(Short text fragments from websites)
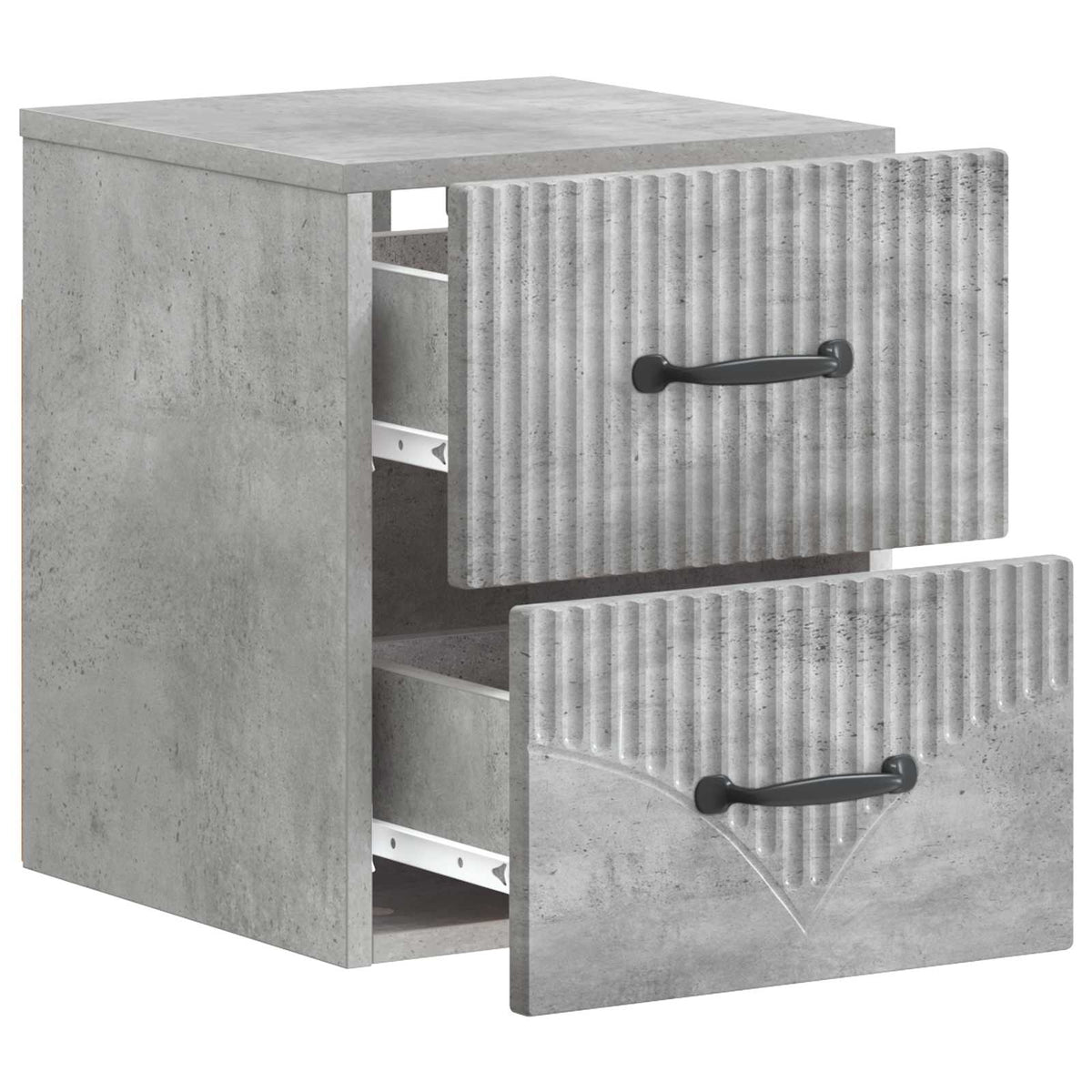 Nástěnný Noční Stolek 2 Pcs Betonově Šedá 34,5 X 33 X 40 Cm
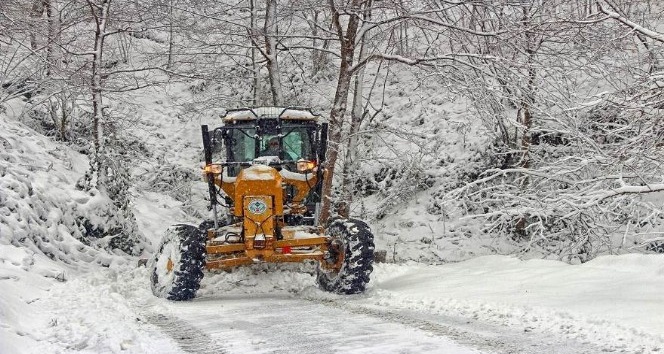 Giresun’da kar etkili oldu: 377 köy yolu ulaşıma kapandı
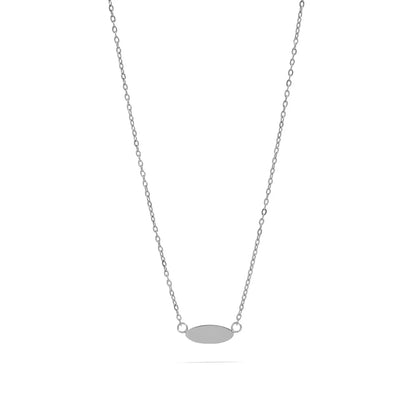 Oval Silver Necklace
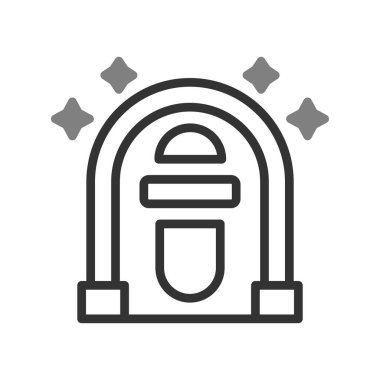 Jukebox simgesi, vektör illüstrasyonu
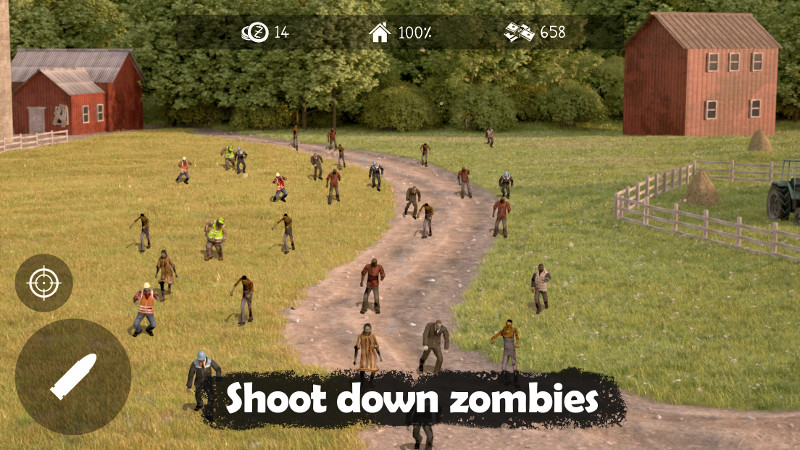 Shoot down zombies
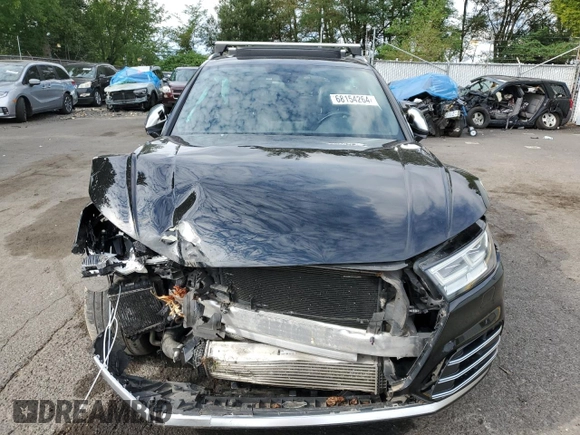 2018 Audi SQ5 Premium Plus with VIN WA1A4AFY8J2008942, listed as a Copart auction lot 68154264 with 99,918 mi miles and Salvage Title. Bid and sale history available at DreamBid. Image 5.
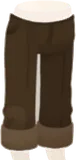 コーヒースキニーパンツ
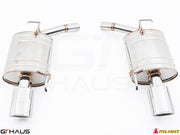 Premium performance exhaust system for Infiniti G37/Q40 Sedan, featuring stainless steel construction and electronic valve control.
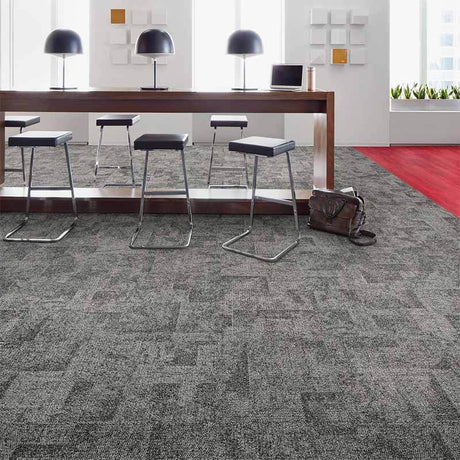 Interface Open Air 404 Black 9625001 Carpet Tiles - DCTUK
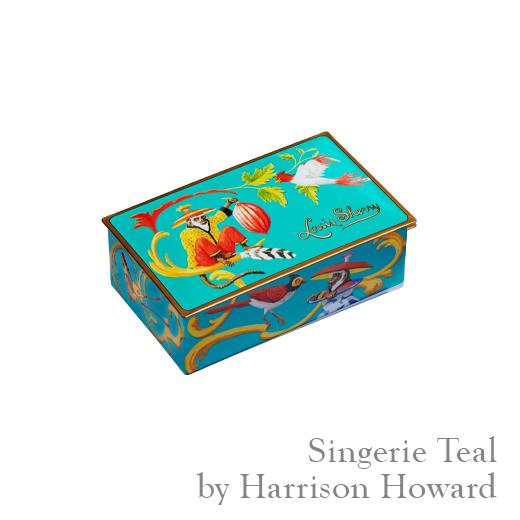 Louis Sherry Singerie Teal 2 piece Truffle Tin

What to work on: Copy word for word the lines above, starting at the line containing "Shoot down zombies" and ending at the line containing "Premium performance exhaust", inclusive, with no pictures.

Exercise response:
 Shoot down zombies
 2018 Audi SQ5 Premium Plus with VIN WA1A4AFY8J2008942, listed as a Copart auction lot 68154264 with 99,918 mi miles and Salvage Title. Bid and sale history available at DreamBid. Image 5.
 コーヒースキニーパンツ
 Premium performance exhaust system for Infiniti G37/Q40 Sedan, featuring stainless steel construction and electronic valve control.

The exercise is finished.